The exact etiology of neonatal small left colon syndrome is not known.

Several theories have been proposed, including neural, humoral, and drug-induced etiologies.

A frequent association of neonatal small left colon syndrome with maternal gestational diabetes mellitus has been reported.

Maternal gestational diabetes mellitus induces neonatal hypoglycemia which affects intestinal motility via activation of the autonomic nervous system and glucagon release.

Glucagon release is known to decrease motility in the left colon.

Neonatal hypoglycemia also stimulates the sympathetic and parasympathetic autonomic nervous system.

Parasympathetic stimulation results in increased motility in its area of distribution, which ends at the splenic flexure, whereas sympathetic stimulation results in diminished motility.

The combined effect of glucagon release with sympathetic and parasympathetic stimulation results in an overall diminution in intestinal motility, with a functional obstruction in the colon beyond the splenic flexure.

In 1974, Davis et al. reported the association of neonatal small left colon syndrome with abnormalities of intestinal neurohistology. Their initial report described increased numbers of immature small ganglion cells in the myenteric plexus (in both the narrowed and dilated parts of the colon) in patients with neonatal small left colon syndrome. They compared the histology from patients with small left colon syndrome with that of control subjects, including infants of diabetic mothers without colon changes, premature infants, and term infants. They concluded that the hypercellularity observed in the specimens from patients with neonatal small left colon syndrome most closely resembled the histology observed in the colons of premature infants.

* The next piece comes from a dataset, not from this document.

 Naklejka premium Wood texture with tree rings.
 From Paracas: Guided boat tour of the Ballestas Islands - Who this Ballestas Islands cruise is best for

Neonatal small left colon syndrome could be a form of intestinal neuronal dysplasia with an increase in the number of acetylcholinesterase (AChE)-stained fibers in the mucosa and increased submucosal ganglia or large ganglia. These changes are also observed with prematurity, and because most infants with neonatal small left colon syndrome in these reports were premature, it is difficult to conclude on these findings.

Maternal drugs used during the third trimester can cross the placenta and affect the fetus. This was observed in infants born to mothers using psychotropic drugs with known anticholinergic effects. This as well as the hypermagnesemia (in infants born to eclamptic mothers treated with magnesium sulfate) can also cause hypomotility.

Stress (eclampsia) may mediate the same changes through similar mechanisms.

Most patients with neonatal small left colon syndrome are born at or near term and are of normal birth weight.